Friday, July 25, 2025

Loose thoughts on James Gunn's Superman (2025)


James Gunn’s SUPERMAN is a pretty good film. Deeply flawed, the film still manages to generate some real emotions once it gets going.

That I liked SUPERMAN is something of a miracle. I did not expect to like it, I am not a fan of James Gunn's, and to be honest his set up of just dropping us into the fray has problems. The idea works on some level, but the truth is that he leaves too much unexplained and it takes a while to get our feet grounded. While I have no problem coming in mid action, I felt like I was coming in after missing the first film in a series or the first hour of the movie  despite knowing the characters from the comics.

The basic plot has a still green Superman in trouble because he stopped a war. his gets everyone talking-Should the meta-humans be involved in politics? Billionaire Lex Luthor is claiming no and is working on stopping Superman anyway he can, which involves a super armored army, and a guy named Ultraman. Stuff happens, not much of it deep, including the discovery of a message from his birth parents that he is supposed to subjugate humanity (a massive re-write of 80 years of continuity) not help it. Lex is revealed to be the real bad guy.

The problem with the film is the script is really kind of simplistic. I know James Gunn was a fan of the Christopher Reeves films, but God damn they are like a Tolstoy novel compared to this film. Frankly, the simplicity and dumbing down of the writing is akin to some the crappy comics writing in the 50’s and 60’s. This is Superman for pre-schoolers down. I may not have liked some of what Zach Snyder did with the character, but his writing was not on a grade school level. At least the Snyder world made sense, nothing in Gunn’s world does. The character interactions are not really connected to the world the inhabit except to put people in danger.  No one interacts with real people. Whatever the meta humans do is somewhere else unless monsters attack. I kept wanting to stop the film and ask question. Things are either black or white. There is no middle ground. Worse there is no world creation or details of Metropolis.

I won’t even talk about the narrative flow because there is none. Things just happen -because Gunn needs them to. While I don’t mind some of what happens, like the giant monster attack, I don’t like that Gunn’s choices are geared more toward something cool to look at rather than something that makes narrative sense. (the Justice Gang fighting the dimensional sprite is just there for literal background coloring)

Details aren’t there, and neither are some of the characters. I love Hawk Girl, but she is a nonentity, as if Gunn had no idea what to do with her other than have her look cool. Metamorpho is just a deus ex machina. And Ultraman is ultimately a moron? Oh come on.(His inclusion serves zero point other than as a way to get Lex in the Fortress of Solitude)

Do I even want to discuss Lex Luthor? Of course, the far right hates this film Lex is redrawn as a smarter Donald Trump who doesn’t care about anyone or anything. But Lex’s plan makes no sense on any number of levels, and it’s cartoony to the nth degree. And which is Luthor’s goal – to become king or kill Superman- the film ultimately isn’t clear.

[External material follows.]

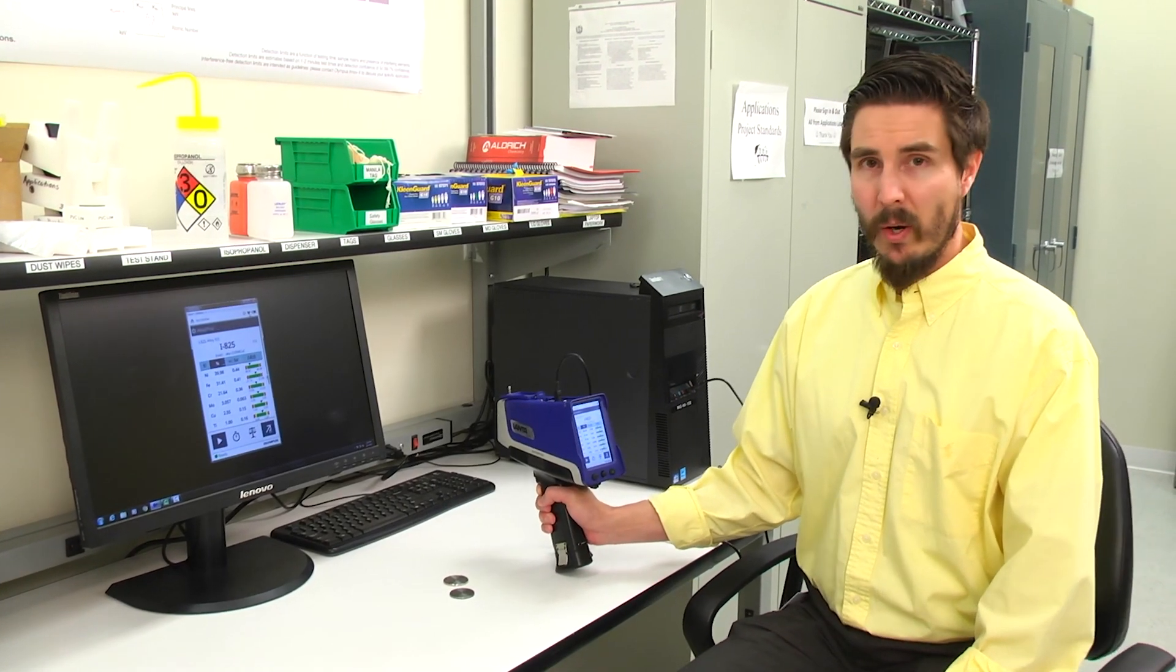So I hope that this video has helped you in your selection of test times for your alloy or alloy plus method. Thank you for watching.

And yet the film works on its own broken terms once it gets going. Once there is a forward momentum and we are at the point where we just have to let it go it mostly works. We genuinely have stakes to fight for. Sure, the battle with Ultraman is old hat, but it’s kinda fun. The film has some touching moments, such as Superman with his parents. They may not be earlier incarnations but the amount of love and humanity in them is light years beyond what we have seen in previous films. The superman/Lois romance works. There are times when Gunn actually seems to understand the character and the film soars (though it would have been nice not to reference/ steal/ lift from the Reeve films)

I liked the film, or the second half. I’m curious where he may take the character, but I still expect to be disappointed because Gunn is too intent on controlling the story and infusing it with humor at the wrong time. Gunn speaks of the character with reverence but also treats it without any. (Let's face the choice of Guy Gardner is purely so he can use low brow humor)

It’s an interesting miss fire that I don’t need to see again.

(And this would have been different if I wrote this right after I saw the film but the truth is it isn’t bad enough to have all the wings and legs pulled off it.)